Honduras has faced numerous challenges to its democratic development and stability in the decade since this 2009 coup against then-President Manuel Zelaya including corruption, weak institutions, political party fragmentation, polarization, and conflict. IRI seeks to build the capacity of local civil society groups and champions of democracy within government to promote transparency, accountability, and participatory political processes.
For over a decade, Honduras has endured critical challenges to democracy. These challenges are only exacerbated by the country’s weak economy and consequences of its geography – including crime related to its position as a drug transit country and frequent effects of natural disasters.
Civil society organizations (CSOs) are critical partners in Honduras. IRI works to build the capacity of emerging and grassroots CSOs from across the country to work together to advocate for greater government transparency and accountability. Because they are best positioned to advocate for the needs of citizens to local government, these CSOs connect with citizens in their communities and, by working together, elevate citizen priorities to the national level.
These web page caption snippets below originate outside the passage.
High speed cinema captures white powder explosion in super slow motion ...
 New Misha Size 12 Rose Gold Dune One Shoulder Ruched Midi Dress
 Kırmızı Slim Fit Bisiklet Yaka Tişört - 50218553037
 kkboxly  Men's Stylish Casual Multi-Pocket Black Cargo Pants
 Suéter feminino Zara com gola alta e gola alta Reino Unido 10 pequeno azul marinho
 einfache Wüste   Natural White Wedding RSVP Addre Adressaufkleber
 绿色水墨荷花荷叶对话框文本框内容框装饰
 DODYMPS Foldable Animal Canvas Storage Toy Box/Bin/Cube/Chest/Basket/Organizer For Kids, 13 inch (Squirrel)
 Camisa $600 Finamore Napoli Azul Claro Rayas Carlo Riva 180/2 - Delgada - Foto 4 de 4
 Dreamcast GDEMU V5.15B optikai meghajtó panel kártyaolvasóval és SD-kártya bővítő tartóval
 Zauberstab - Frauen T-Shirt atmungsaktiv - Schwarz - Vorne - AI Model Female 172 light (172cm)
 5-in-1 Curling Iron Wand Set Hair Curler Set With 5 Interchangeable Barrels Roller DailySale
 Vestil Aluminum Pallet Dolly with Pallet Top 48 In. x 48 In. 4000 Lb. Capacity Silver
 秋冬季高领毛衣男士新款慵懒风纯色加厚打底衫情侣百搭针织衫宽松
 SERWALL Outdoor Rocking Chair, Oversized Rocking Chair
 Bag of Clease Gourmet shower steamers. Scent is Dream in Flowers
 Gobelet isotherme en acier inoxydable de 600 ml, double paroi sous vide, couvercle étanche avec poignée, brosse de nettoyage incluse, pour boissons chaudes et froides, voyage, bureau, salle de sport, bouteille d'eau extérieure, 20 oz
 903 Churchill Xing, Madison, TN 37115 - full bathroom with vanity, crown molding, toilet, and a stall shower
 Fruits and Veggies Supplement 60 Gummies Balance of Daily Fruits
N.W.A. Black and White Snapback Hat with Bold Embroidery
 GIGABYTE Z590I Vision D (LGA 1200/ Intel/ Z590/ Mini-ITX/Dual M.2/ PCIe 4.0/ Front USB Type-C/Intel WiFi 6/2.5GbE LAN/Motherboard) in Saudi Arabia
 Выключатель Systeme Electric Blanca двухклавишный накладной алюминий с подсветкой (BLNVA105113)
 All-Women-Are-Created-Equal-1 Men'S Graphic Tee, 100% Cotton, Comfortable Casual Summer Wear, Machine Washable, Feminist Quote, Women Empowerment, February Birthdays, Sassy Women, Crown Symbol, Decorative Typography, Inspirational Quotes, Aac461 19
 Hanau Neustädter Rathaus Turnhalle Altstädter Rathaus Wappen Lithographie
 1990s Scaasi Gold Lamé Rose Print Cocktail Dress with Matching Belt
IRI works with municipal governments to improve citizen participation in planning processes—such as those for citizen security and violence prevention—including prioritizing political inclusion of marginalized populations like women, youth, and LGBTQI+ citizens. IRI supports local governments to engage citizens and the private sector for local economic development initiatives, such as establishing Municipal Offices of Local Economic Development. IRI’s programs have successfully improved two-way communications between citizens, civil society, and local government through work with Municipal Violence Prevention Councils to implement Deliberative Democracy principles.
As a result of IRI’s programs, the majority of municipal officials trained—including IRI’s partner municipality of Omoa, Honduras—continued to sustainably implement practices to increase transparency, accountability, and responsiveness of local violence prevention programs to citizen needs more than one year after the program ended. This includes annual surveys and other frequent data collection efforts to collect citizen inputs, use of design thinking as a problem-solving approach, and increased openness of the municipal governments to citizen inputs and increased interaction with citizens on a day-to-day basis.